Through six games since the regular season ended, the Eagles have dominated the competition, vanquishing some of the top programs in the N.C. Independent Schools Athletic Association. During their remarkable tear, they have won games by an aggregate score of 33-2.
That run also includes winning the Metrolina Conference tournament title for the second year in a row.
Now, Concord Academy is set to prove it can stand at the top of the heap in the NCISAA. Now, there is just one final step.
On Saturday, the Eagles travel to Winston-Salem to take on Calvary Day School for the NCISAA 3A championship. Calvary Day (13-0) is the No. 1 seed. Game time is 5 p.m.
The second-seeded Eagles advanced to the title game by beating Wilmington Cape Fear Academy, 3-1, in the state semifinals Tuesday night. They are seeking the first state crown in program history.
Concord Academy coach Scott Wagner said he knows exactly why his team has reached uncharted territory this season.
“I think the biggest thing is all the seniors have been starters since they were sophomores,” Eagles coach Scott Wagner said. “Just the experience, building up and getting better year by year as a team, has been a big difference. Plus, this group of kids, they don’t just play with their skill; they play with their heart.
“They also play with their minds,” he added. “One of the things I preach to the kids is that they’re going to be facing other teams with equal skills and abilities. So what’s the difference going to be? You have to be smarter. You have to play with your heart and do the little things to get you over the hump.”
The Eagles know that all too well, actually.
Last season, Concord Academy also had a strong team, one the Eagles felt was ready to win the state title. The Eagles played well in the playoffs, reaching the state quarterfinals, however, their season ended there with a disappointing overtime loss to Forsyth Country Day.
The pain of that defeat has stayed with them.
“When we lost last year, it was our fault; it wasn’t because (Forsyth Day was) just the better team,” Wagner said. “So I think (the Concord Academy players) just (have) that attitude of ‘We messed up last year. We’re not going to mess this up again.’
“They’ve been really focused. First, we won the conference tournament, and they were super focused with that. Then they went into the state tournament, and they haven’t lost a step.”
The Eagles have been strong all this season, losing just two of their 13 games. One of those losses was extremely humbling, however.
In the regular-season finale, conference champion Gaston Christian ran past the Eagles, 11-2. It was an out-of-character performance for Concord Academy, which has traditionally thrived on defense. Other than that game, the Eagles had allowed an opponent to score more than two goals on just one occasion.
Wagner knew something wasn’t right.
“I basically talked to the captain, Ricky Garcia, and said, ‘We’ve got to change something,’” Wagner recalled. “(Garcia) brought up some things, and I brought up some things, and then we made a change. It was like the green light came on, and everything seemed to click after that.”

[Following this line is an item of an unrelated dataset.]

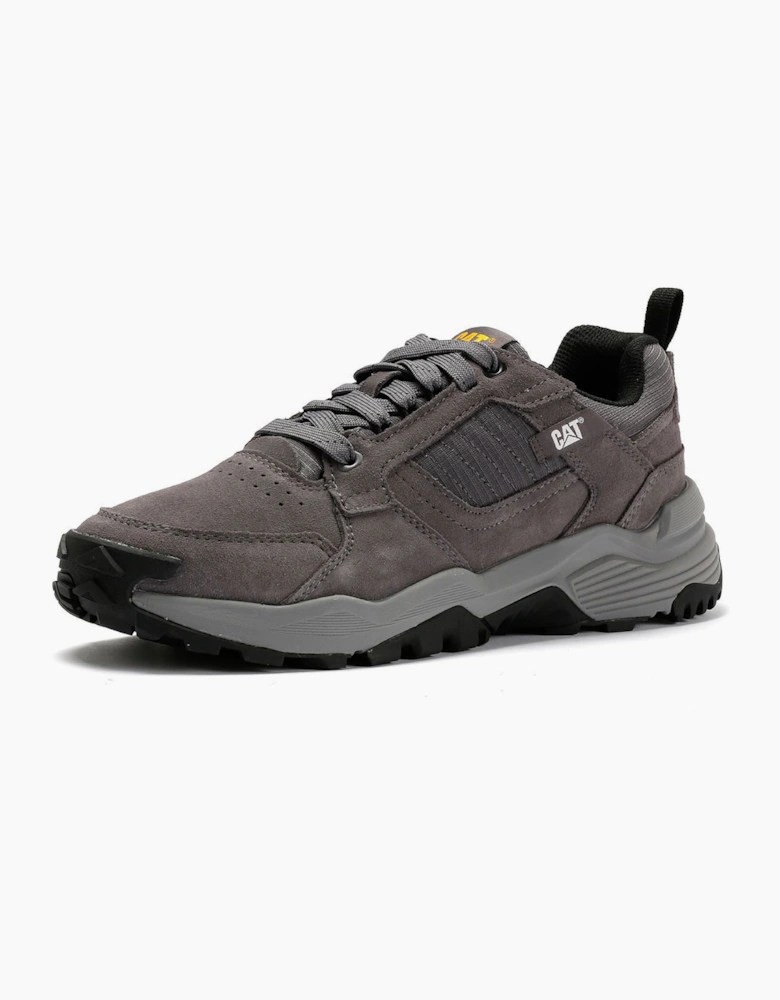 Caterpillar Grapple Suede Men's Tornado Trainers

Adjusting his defense, Wagner moved speedy junior defender Kevin Reyes to a marking-back role.
“Most teams are right-handed and they have their better, faster players on the right side, so I put (Reyes) over there,” the coach explained. “He pretty much shuts down everybody over there.”

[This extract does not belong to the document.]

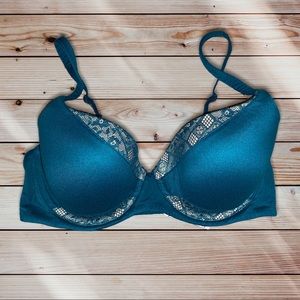 Victoria’s Secret Body by Victoria Demi Bra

In addition, Wagner instructed senior center back Jose Cisneros to play a little deeper.
“Jose’s just solid,” Wagner said. “Colleges are all after him. They like how he has control back there, and he has the speed. He just takes control back there. He keeps things organized, he’s strong. It just made a world of difference.
“In our last six games, we’ve had four shutouts. And the two that weren’t shutouts were just single goals. And the one (Cape Fear) had was a penalty kick.”
A lot of the credit also goes to senior goalkeeper Ismael Ortiz, who Wagner considers to be the best in Cabarrus County, and senior defender/midfielder Cristian Ruiz.
“We’ve been really good defensively,” Wagner said. “As I preach to the boys, ‘If (opponents) can’t score, you can’t lose. So focus on trying to keep a zero on the board. Our offense is going to score; it’s just a matter of when.’”
The Eagles are one of the highest-scoring teams in the state, averaging nearly six goals per game. What makes the team so dangerous is the fact that the roster features several players capable of putting one in the back of the net at any time.
In Tuesday’s semifinal win at Cape Fear, for example, three different Concord Academy players were responsible for the Eagles’ three goals. Talented freshman Cuicui Gonzalez knocked one in, as did seniors Richy Medina and Anthony Villataro.
“That is one thing that’s really neat about this team,” Wagner said. “We don’t have a (designated) scorer. Anybody can score, so it’s harder for other teams to defend us.”
Now, the Eagles’ coach said, his team is ready to play its biggest game of the season, the biggest game in program history. He doesn’t expect any butterflies about playing in such an event to overwhelm them.